I've been writing various computational functions using Metal.
However, in the following operation functions, unlike + and *, there is an accuracy issue in the / operation.
This is a function that divides a matrix of shape [n, x, y] and a scalar [1].
When compared to numpy or torch, if I change the operator of the above function to * or + instead of /, I can get completely the same results, but in the case of /, there is a difference in the mean of more than 1e-5.
(For reference, this was written with reference to the metal kernel code in llama.cpp)

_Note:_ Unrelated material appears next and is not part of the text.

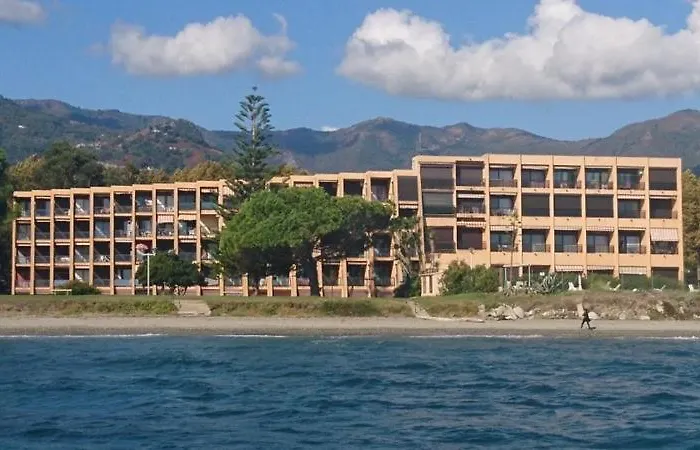 Lucia, Avec Piscine , Vue Et Pied Dans L'eau , Moriani-plage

kernel void kernel_div_single_f16(
device const half * src0,
device const half * src1,
device half * dst,
constant int64_t & ne00,
constant int64_t & ne01,
constant int64_t & ne02,
constant int64_t & ne03,
uint3 tgpig[[threadgroup_position_in_grid]],
uint3 tpitg[[thread_position_in_threadgroup]],
uint3 ntg[[threads_per_threadgroup]]) {
const int64_t i03 = tgpig.z;
const int64_t i02 = tgpig.y;
const int64_t i01 = tgpig.x;
const uint offset = i03*ne02*ne01*ne00 + i02*ne01*ne00 + i01*ne00;
for (int i0 = tpitg.x; i0 < ne00; i0 += ntg.x) {
dst[offset + i0] = src0[offset+i0] / *src1;
}
}
My mac book is,
Macbork Pro(16, 2021) / macOS 12.5 / Apple M1 Pro.
Are there any issues related to Div? Thanks in advance for your reply.